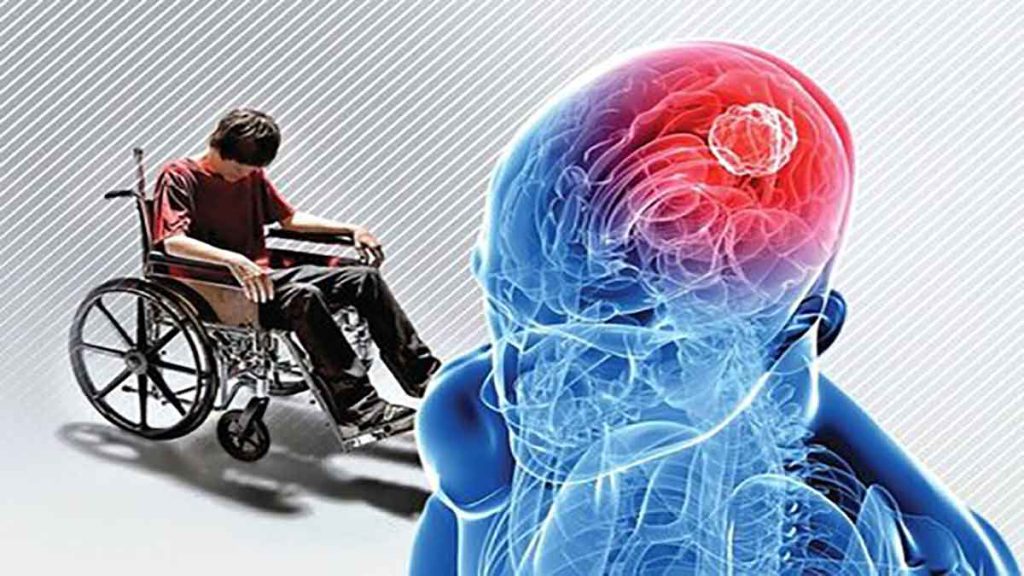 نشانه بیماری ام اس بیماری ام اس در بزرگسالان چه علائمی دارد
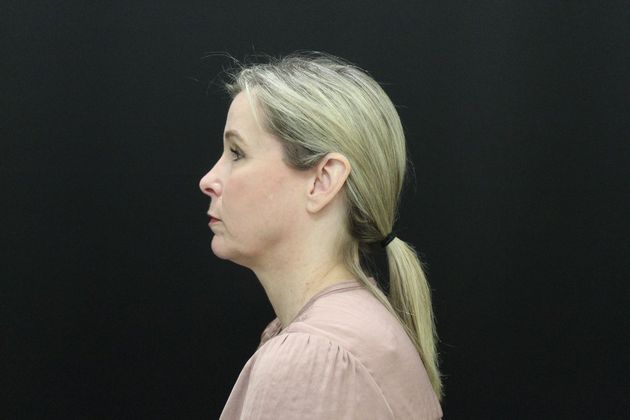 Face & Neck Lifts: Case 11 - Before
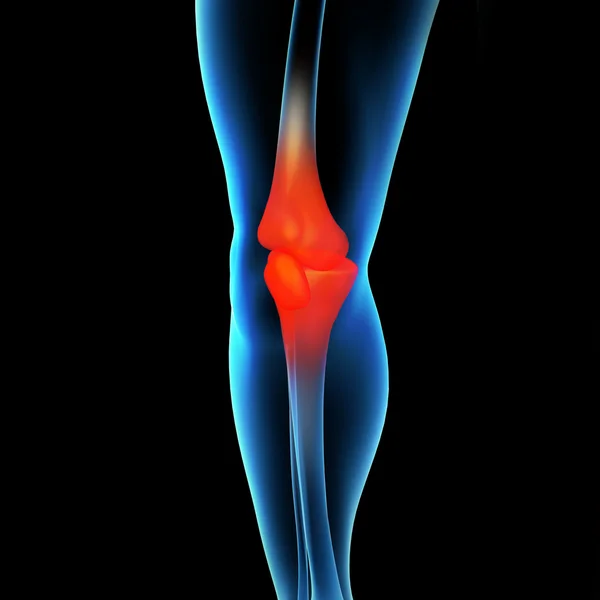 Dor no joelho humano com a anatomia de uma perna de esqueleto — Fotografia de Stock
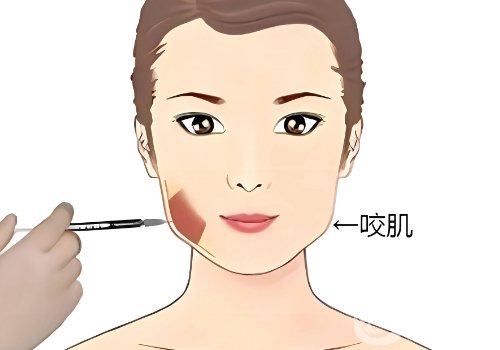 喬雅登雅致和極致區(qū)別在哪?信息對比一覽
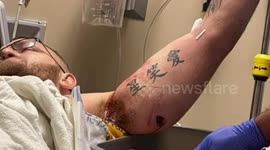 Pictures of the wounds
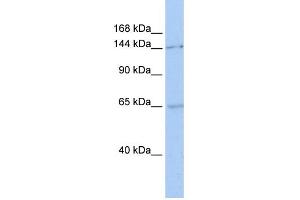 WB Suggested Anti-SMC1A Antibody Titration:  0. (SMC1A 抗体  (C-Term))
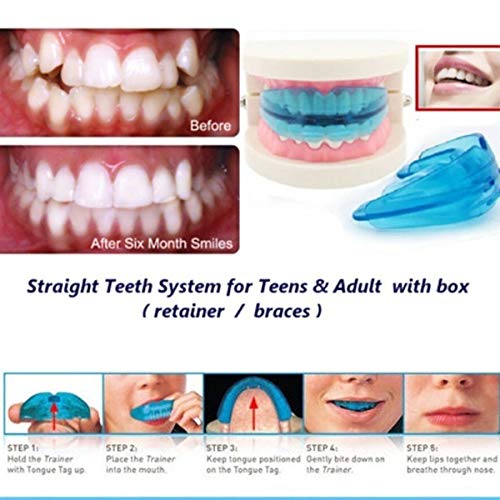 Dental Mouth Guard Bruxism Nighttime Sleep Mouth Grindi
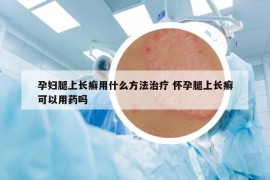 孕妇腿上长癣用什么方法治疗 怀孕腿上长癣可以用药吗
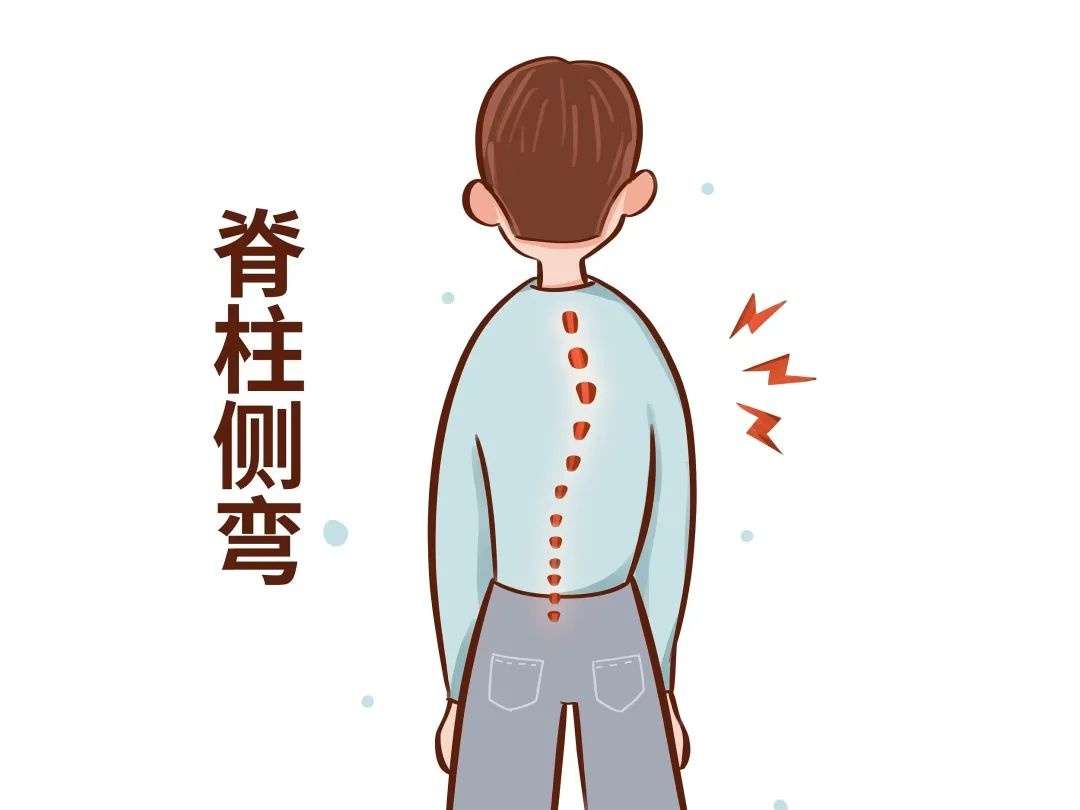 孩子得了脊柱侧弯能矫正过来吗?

++++++

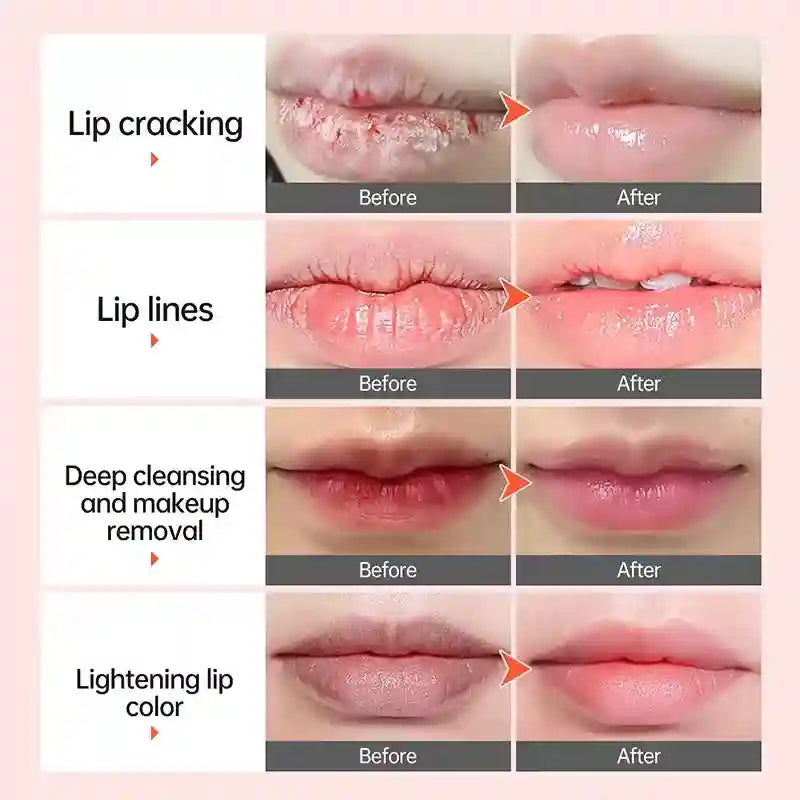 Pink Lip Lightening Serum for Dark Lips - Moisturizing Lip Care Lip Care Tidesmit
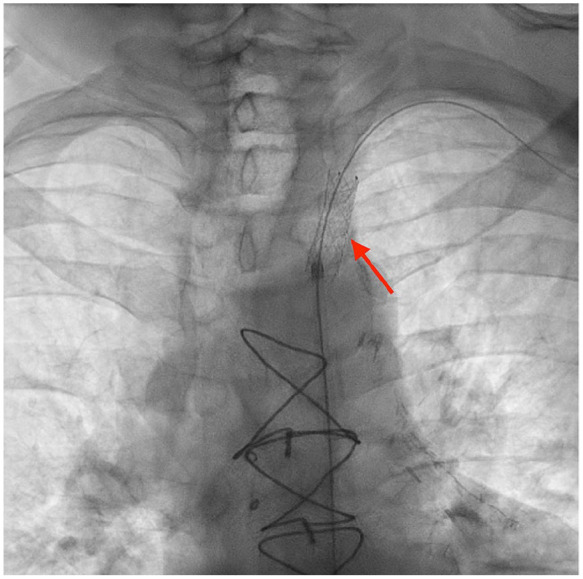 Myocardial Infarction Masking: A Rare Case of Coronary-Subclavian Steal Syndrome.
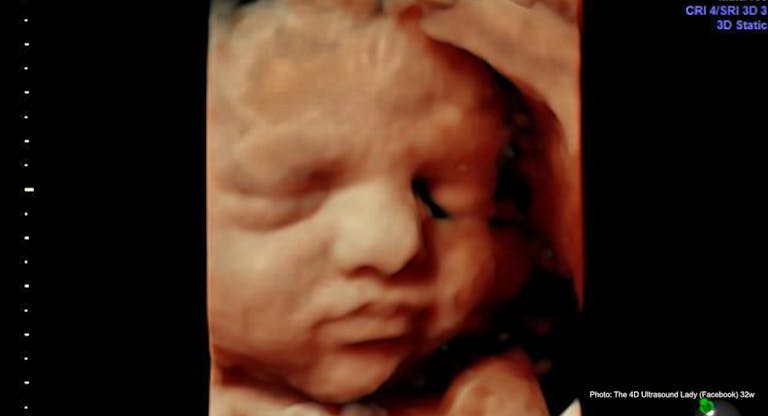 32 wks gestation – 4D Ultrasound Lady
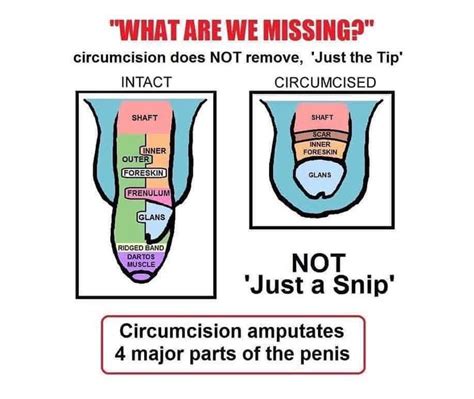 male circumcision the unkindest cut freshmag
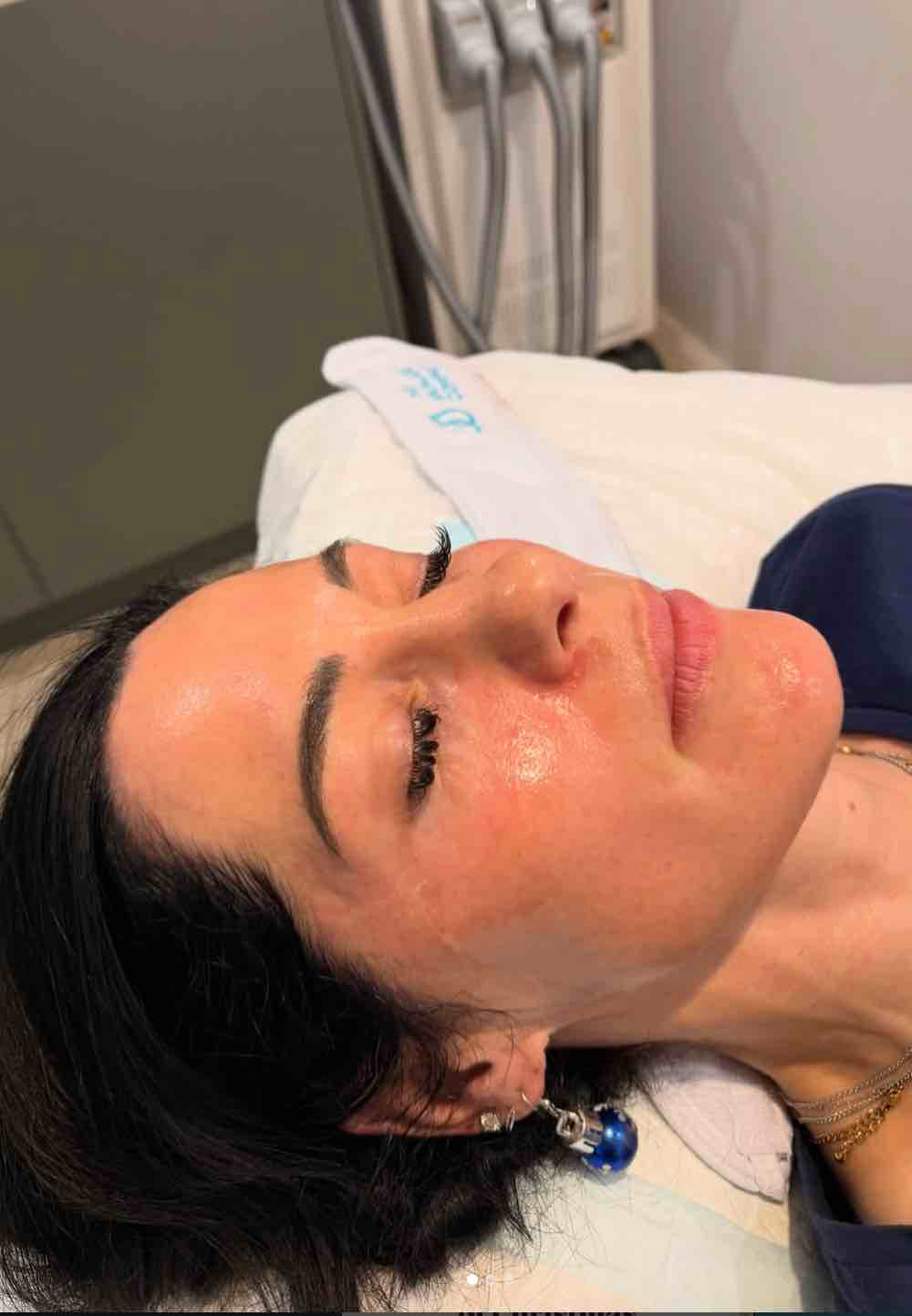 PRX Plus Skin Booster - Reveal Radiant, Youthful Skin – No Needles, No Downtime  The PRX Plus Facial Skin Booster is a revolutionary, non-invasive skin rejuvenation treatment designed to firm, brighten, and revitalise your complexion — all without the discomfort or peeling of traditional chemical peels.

++++++

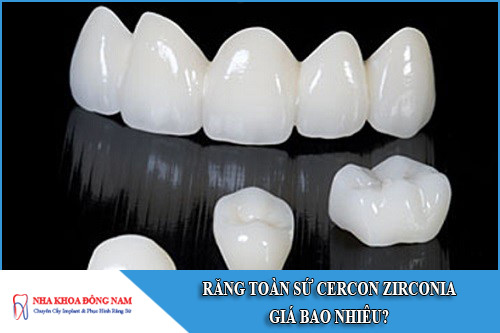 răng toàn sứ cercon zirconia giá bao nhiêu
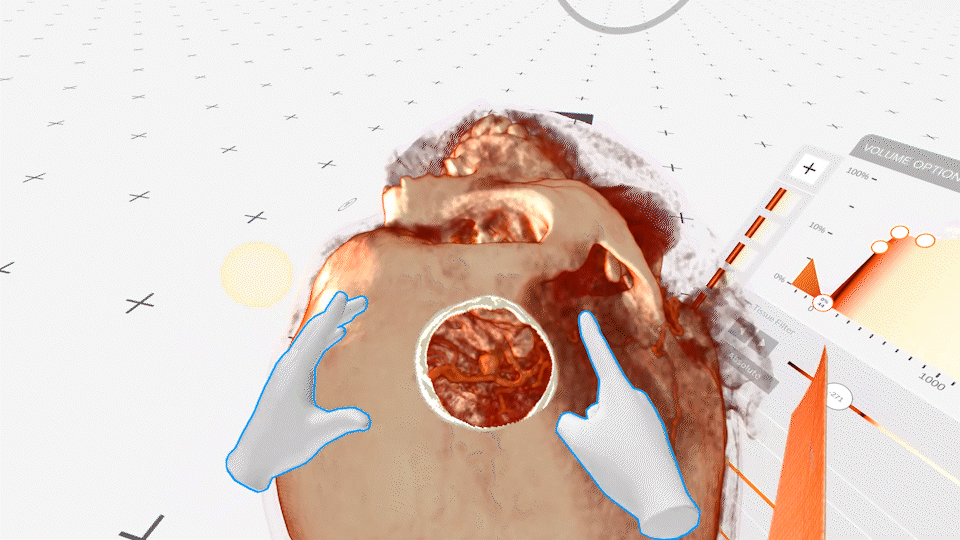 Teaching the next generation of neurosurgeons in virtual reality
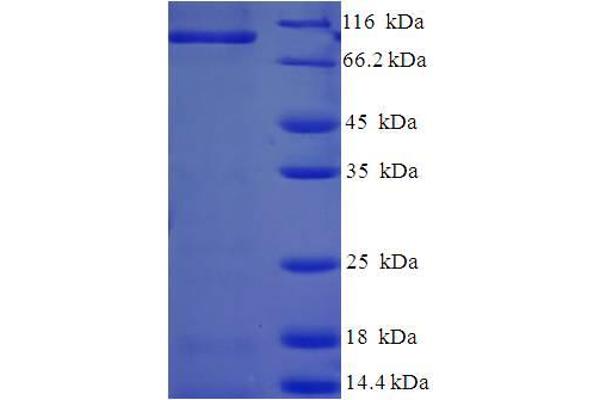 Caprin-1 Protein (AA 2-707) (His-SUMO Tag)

++++++

To do: Go to the line above that contains "Dor no joelho" and reproduce everything exactly from there through the line that contains "孩子得了脊柱侧弯能矫正过来吗?", leaving out the pictures.

Reply to the exercise:
 Dor no joelho humano com a anatomia de uma perna de esqueleto — Fotografia de Stock
 喬雅登雅致和極致區(qū)別在哪?信息對比一覽
 Pictures of the wounds
 WB Suggested Anti-SMC1A Antibody Titration:  0. (SMC1A 抗体  (C-Term))
 Dental Mouth Guard Bruxism Nighttime Sleep Mouth Grindi
 孕妇腿上长癣用什么方法治疗 怀孕腿上长癣可以用药吗
 孩子得了脊柱侧弯能矫正过来吗?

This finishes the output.